Practical defences that actually map to how people get drained
If the bulk of fraud is access and response failure, then the defence is mostly operational security (OPSEC) and transaction hygiene. Not exciting, but proper.
User level controls
- Use hardware wallets for meaningful size, and treat hot wallets like spending accounts.
- Turn on withdrawal allowlists where exchanges support them, and set time delays if available.
- Lock down email first (hardware security key, unique password, recovery options audited). Email is the master key to most accounts.
- Separate devices: one device for day-to-day browsing, another for signing if you can manage it.
- Never follow support links from ads or DMs, and never share seed phrases, ever.
Team and platform level controls (for projects and exchanges)

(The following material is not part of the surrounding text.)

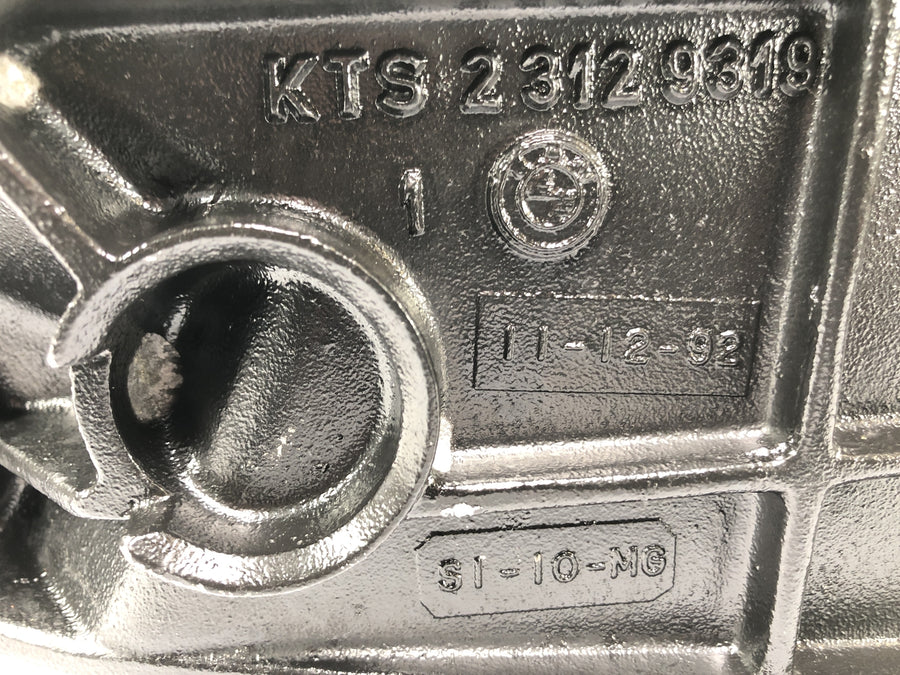 BMW K 1100 RS [1991] Jalantuisjärjestelmä vasen jalkatuki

- Out-of-band verification for account recovery and high risk withdrawals.
- Better impersonation monitoring (domain takedowns, brand protection, and rapid response).

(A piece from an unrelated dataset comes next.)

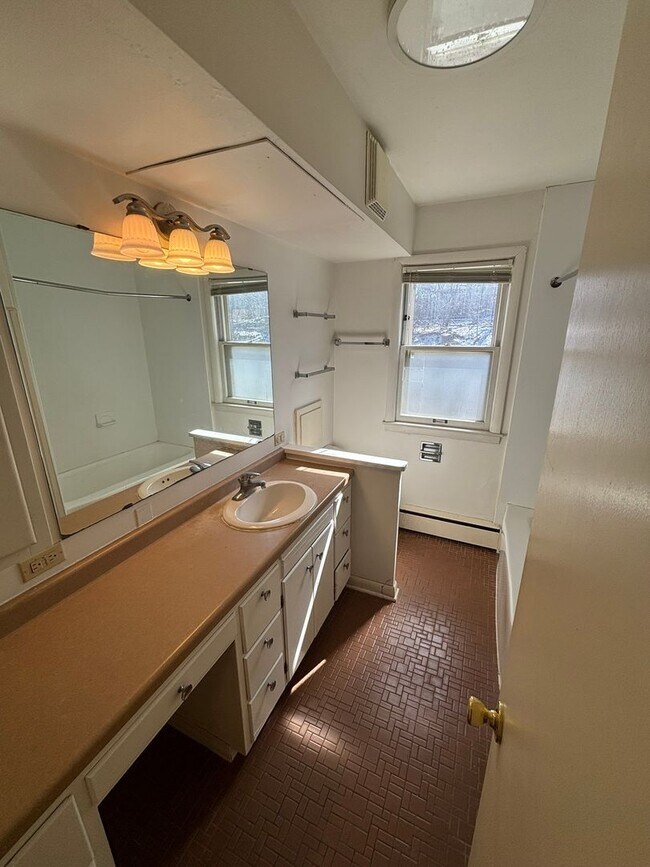 Building Photo - 1135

- User education that focuses on signatures, not just "don't share your seed phrase." A malicious signature is the new seed leak.
- Faster incident response paths, because time is the enemy once funds move.
What would invalidate the move (risk box)
AMLBot's 65% figure is a strong indicator, but it is not the whole market. Here is what would make the takeaway less applicable:
- Sample bias: AMLBot's casework may over-represent retail scams and under-represent protocol level exploits that are handled privately or by other firms.
- Classification blur: "social engineering" often overlaps with malware, phishing infrastructure, and compromised browser extensions. Categories can get fuzzy fast.
- Regime change: a new wave of contract vulnerabilities, bridge failures, or novel MEV style attacks could shift the balance back toward technical exploits.
For now, the clean read is simple: if you are still modelling crypto fraud as "hackers break code," you are already behind. The dominant attack surface in 2025 looked human, and the chain only shows you the exit.